The answer must reproduce all of the data below exactly and contain no images.

- Input records -
^^^^

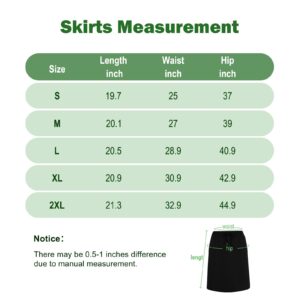 Womens Golf Skirt Athletic Skort Stretchy Knee Length Tennis Skirt with Pockets Plus Size Skorts Skirts for Women Khaki Medium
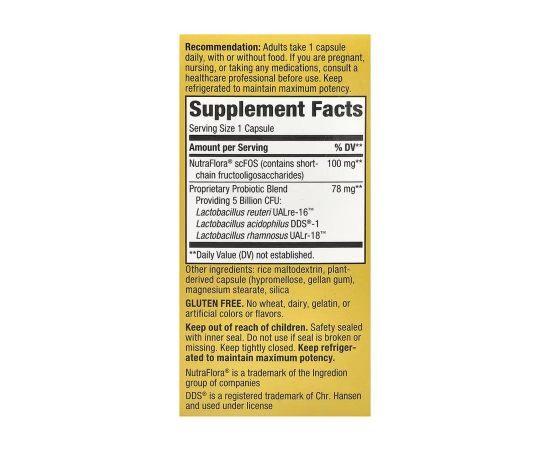 Придбати Primadophilus® Reuteri Probiotic - 30 vcaps, image , зображення 2, характеристики, відгуки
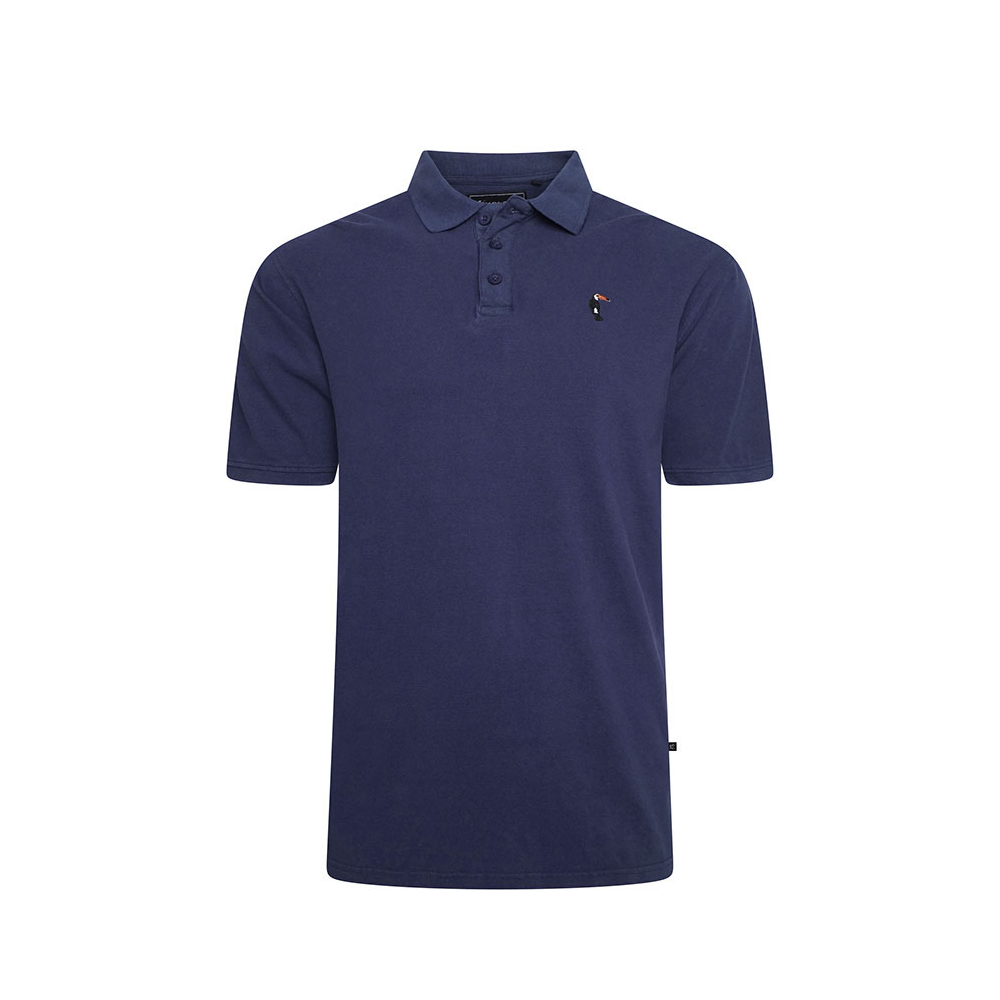 KAM - Bird Logo Polo Navy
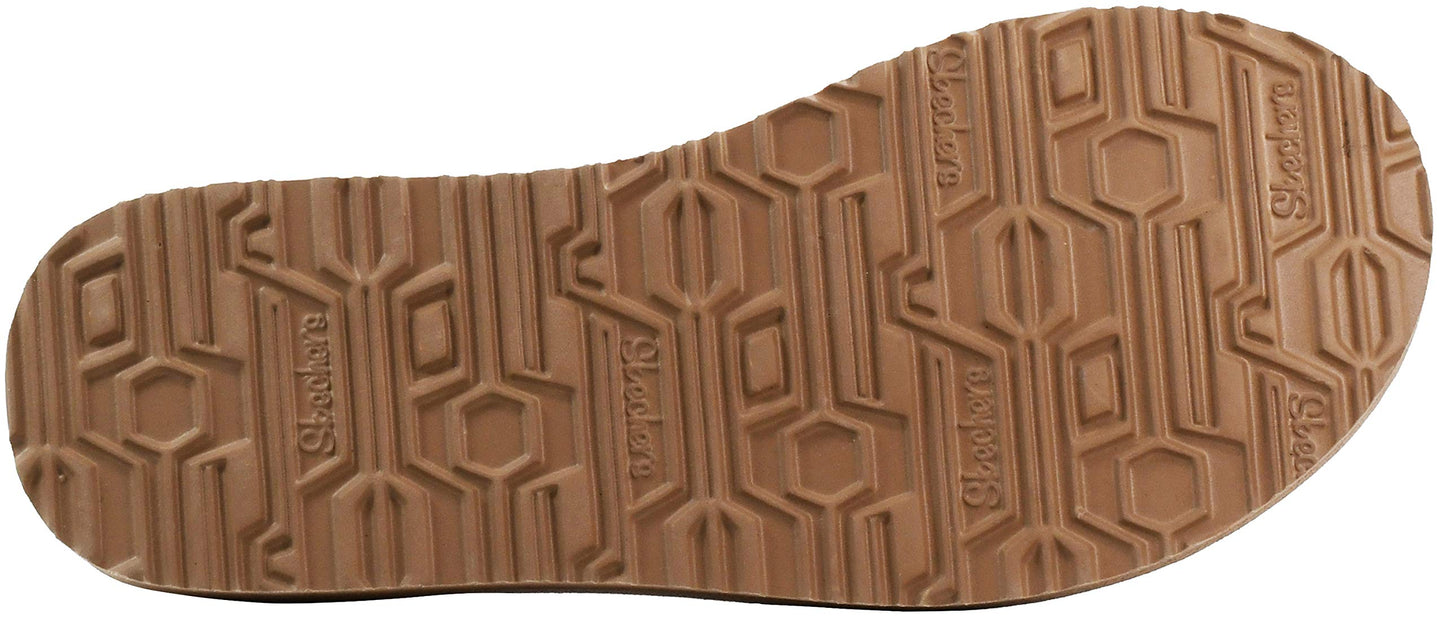 Skechers Women's Meditation-Stars And Sparkle Thong Sandal Rose Gold 6 Wide
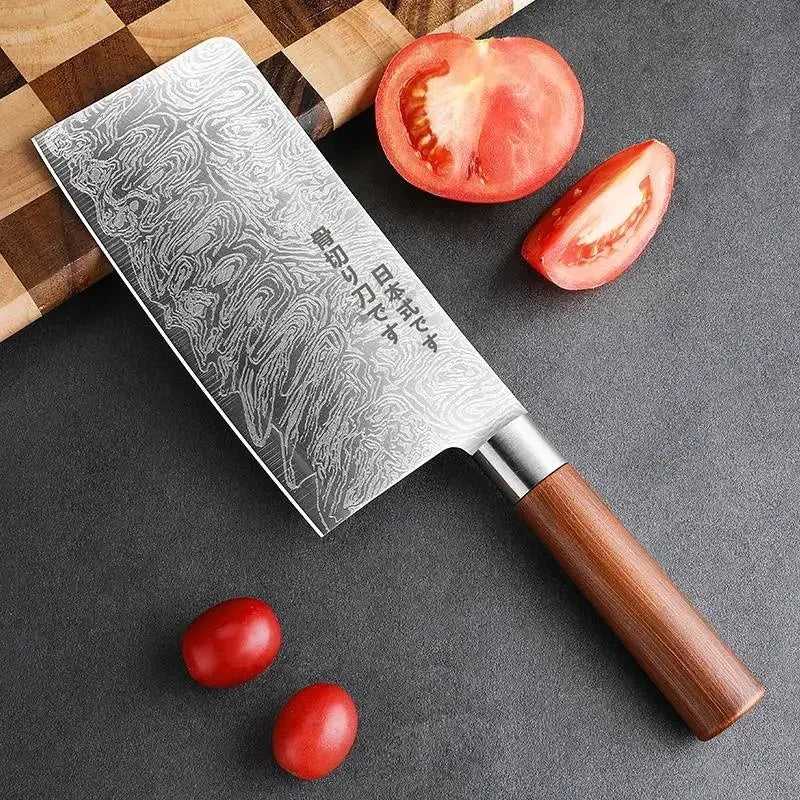 Kit 4 Facas Japonesas Profissionais em Aço Inox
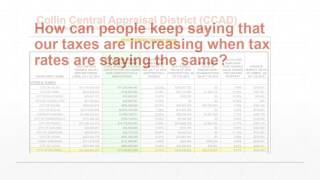 Assements and Tax Rates Explained, part 1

^^^^

- Your response -
 Womens Golf Skirt Athletic Skort Stretchy Knee Length Tennis Skirt with Pockets Plus Size Skorts Skirts for Women Khaki Medium
 Придбати Primadophilus® Reuteri Probiotic - 30 vcaps, image , зображення 2, характеристики, відгуки
 KAM - Bird Logo Polo Navy
 Skechers Women's Meditation-Stars And Sparkle Thong Sandal Rose Gold 6 Wide
 Kit 4 Facas Japonesas Profissionais em Aço Inox
 Assements and Tax Rates Explained, part 1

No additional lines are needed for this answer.